Si votre profil correspond à l’une de ces catégories, c’est aujourd’hui la voie la plus rapide vers un emploi légal au Canada, sans attendre qu’un employeur obtienne une LMIA.

Le cafouillage du permis « emploi réciproque » (C20) : une leçon à retenir

Cet été a offert un exemple concret de la volatilité de ces règles. Le 29 juillet 2026, IRCC a publié des directives mises à jour imposant une nouvelle condition aux demandeurs du permis C20 (emploi réciproque) : le travailleur devait désormais être « actuellement employé par l’entreprise à l’étranger » pour être admissible. Cette restriction excluait de fait les candidats dont l’emploi ne devait démarrer qu’à leur arrivée au Canada — une pratique pourtant courante dans les échanges réciproques.

Le 6 août 2026, IRCC a publié une version corrigée qui annule cette restriction, expliquant que la version du 29 juillet avait été diffusée par erreur, à cause d’un problème de contrôle de version, et ne reflétait pas la politique réellement souhaitée.

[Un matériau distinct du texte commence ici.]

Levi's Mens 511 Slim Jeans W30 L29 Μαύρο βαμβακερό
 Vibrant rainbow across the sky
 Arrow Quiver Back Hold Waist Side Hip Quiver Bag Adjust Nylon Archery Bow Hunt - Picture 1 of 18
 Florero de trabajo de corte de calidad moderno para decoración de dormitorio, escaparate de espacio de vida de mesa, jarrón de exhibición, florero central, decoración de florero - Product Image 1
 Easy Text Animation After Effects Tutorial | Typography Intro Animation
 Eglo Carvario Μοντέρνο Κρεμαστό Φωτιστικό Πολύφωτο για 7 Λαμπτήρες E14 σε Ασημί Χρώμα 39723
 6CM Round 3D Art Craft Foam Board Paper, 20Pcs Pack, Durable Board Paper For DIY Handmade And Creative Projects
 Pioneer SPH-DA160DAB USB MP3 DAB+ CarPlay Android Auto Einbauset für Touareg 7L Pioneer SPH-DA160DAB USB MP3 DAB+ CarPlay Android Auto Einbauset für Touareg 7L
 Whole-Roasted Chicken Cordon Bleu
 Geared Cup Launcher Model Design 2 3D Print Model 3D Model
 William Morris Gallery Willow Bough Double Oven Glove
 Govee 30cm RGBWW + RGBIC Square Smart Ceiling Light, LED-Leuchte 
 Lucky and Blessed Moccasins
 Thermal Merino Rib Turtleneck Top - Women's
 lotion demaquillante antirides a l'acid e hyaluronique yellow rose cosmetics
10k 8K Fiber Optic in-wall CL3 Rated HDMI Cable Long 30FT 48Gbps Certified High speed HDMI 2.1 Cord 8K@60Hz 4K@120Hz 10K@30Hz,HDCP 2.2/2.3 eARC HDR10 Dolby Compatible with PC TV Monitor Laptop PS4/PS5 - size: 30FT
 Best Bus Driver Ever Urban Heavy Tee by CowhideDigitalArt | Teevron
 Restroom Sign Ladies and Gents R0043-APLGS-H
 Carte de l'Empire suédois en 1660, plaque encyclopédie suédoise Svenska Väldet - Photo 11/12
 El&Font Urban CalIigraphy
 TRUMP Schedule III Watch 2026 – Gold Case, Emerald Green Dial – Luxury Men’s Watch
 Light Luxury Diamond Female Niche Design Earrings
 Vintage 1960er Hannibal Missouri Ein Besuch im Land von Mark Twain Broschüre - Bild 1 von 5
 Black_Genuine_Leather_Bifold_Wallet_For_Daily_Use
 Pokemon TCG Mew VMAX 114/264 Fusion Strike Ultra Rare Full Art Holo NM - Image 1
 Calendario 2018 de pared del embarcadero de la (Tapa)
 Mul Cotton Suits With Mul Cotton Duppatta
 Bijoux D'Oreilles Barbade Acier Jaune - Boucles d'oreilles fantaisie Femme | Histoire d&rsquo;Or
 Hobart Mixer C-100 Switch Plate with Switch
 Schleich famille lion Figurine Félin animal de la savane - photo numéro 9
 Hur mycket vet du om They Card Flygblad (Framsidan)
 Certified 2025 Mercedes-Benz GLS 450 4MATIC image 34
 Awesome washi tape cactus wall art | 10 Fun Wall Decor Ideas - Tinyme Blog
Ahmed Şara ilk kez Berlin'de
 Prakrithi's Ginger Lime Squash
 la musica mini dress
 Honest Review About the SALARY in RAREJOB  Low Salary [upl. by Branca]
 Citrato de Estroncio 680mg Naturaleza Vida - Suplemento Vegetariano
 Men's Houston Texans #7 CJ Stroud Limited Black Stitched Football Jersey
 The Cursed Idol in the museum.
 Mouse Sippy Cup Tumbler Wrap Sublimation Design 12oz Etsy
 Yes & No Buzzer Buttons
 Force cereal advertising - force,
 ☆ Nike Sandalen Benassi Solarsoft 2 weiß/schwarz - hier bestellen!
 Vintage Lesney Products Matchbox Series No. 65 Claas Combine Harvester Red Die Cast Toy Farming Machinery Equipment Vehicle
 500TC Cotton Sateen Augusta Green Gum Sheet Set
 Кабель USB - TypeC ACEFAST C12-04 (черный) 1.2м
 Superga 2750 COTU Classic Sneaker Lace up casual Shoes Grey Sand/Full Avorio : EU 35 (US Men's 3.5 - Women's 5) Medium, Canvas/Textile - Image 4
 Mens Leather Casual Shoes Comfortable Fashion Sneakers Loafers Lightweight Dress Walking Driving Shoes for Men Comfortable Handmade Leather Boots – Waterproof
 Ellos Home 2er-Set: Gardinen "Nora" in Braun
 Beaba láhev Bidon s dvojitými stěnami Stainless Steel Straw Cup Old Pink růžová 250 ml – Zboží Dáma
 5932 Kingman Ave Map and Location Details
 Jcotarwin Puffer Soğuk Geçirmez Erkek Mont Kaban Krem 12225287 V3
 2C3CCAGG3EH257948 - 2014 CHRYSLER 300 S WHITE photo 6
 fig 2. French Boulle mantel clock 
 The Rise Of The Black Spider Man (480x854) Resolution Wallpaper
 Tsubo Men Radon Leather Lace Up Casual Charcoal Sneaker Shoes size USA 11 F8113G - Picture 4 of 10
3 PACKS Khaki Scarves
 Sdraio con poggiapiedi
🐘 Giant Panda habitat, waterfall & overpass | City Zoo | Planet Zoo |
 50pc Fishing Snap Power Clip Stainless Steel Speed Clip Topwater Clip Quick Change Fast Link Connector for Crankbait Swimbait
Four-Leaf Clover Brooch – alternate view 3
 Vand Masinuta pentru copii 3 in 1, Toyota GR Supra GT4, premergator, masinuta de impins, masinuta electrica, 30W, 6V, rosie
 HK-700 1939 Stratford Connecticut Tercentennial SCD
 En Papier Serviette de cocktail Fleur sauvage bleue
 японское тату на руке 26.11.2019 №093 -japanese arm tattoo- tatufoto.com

Ce qu’il faut vérifier avant de déposer une demande C20

  • Consultez toujours la version la plus récente des instructions sur le site officiel d’IRCC avant de déposer votre demande, les directives peuvent changer en quelques jours ;
  • Assurez-vous que les informations figurant dans votre demande, votre offre d’emploi et le portail IRCC (Global Case Management System) correspondent exactement — les incohérences sont une cause fréquente de refus depuis février 2026 ;
  • Depuis février 2026, les résidents permanents sont désormais inclus au même titre que les citoyens canadiens dans l’évaluation de la réciprocité, et celle-ci doit être démontrée avec le pays concerné spécifiquement, et non plus « quelque part à l’étranger » de façon générale.

Permis de Travail Canada 2026 : ce qui a déjà changé

Pour resituer ces annonces dans leur contexte, voici les principales échéances déjà passées cette année :

  • 31 décembre 2025 : fin des permis de travail liés au Programme des candidats des provinces (PNP) dans leur ancienne forme ;
  • 28 février 2026 : fin de la politique temporaire pour les ressortissants iraniens ;
  • 31 mars 2026 : fin des prolongations spéciales de permis liées à l’Ukraine.

Si vous dépendiez de l’une de ces mesures, il est important de vérifier votre statut actuel et d’explorer une voie de transition (Entrée Express, permis employeur spécifique, etc.).

Ce que ça change concrètement pour vous

En résumé, trois réflexes à adopter en 2026 :

  1. Privilégiez les catégories exemptées de LMIA si votre profil le permet : elles sont désormais la priorité d’Ottawa et les délais y sont généralement plus courts.
  2. Vérifiez la cohérence documentaire de votre dossier avant tout dépôt : le GCMS croise désormais les données de plusieurs sources.
  3. Suivez l’actualité IRCC de près : comme le montre l’épisode du permis C20, une règle publiée un jour peut être corrigée quelques semaines plus tard. Si vous préparez votre CV pour candidater sur le Guichet-Emplois, gardez également en tête les seuils et invitations du PSTQ si le Québec fait partie de vos options, ou consultez notre point sur les délais de traitement d’Entrée Express pour situer votre dossier dans le calendrier global.

La réforme 2026 des permis de travail n’est pas figée : elle continuera probablement d’évoluer d’ici la fin de l’année. Nous continuerons à suivre ces annonces et à les traduire en conseils pratiques pour votre projet d’immigration au Canada.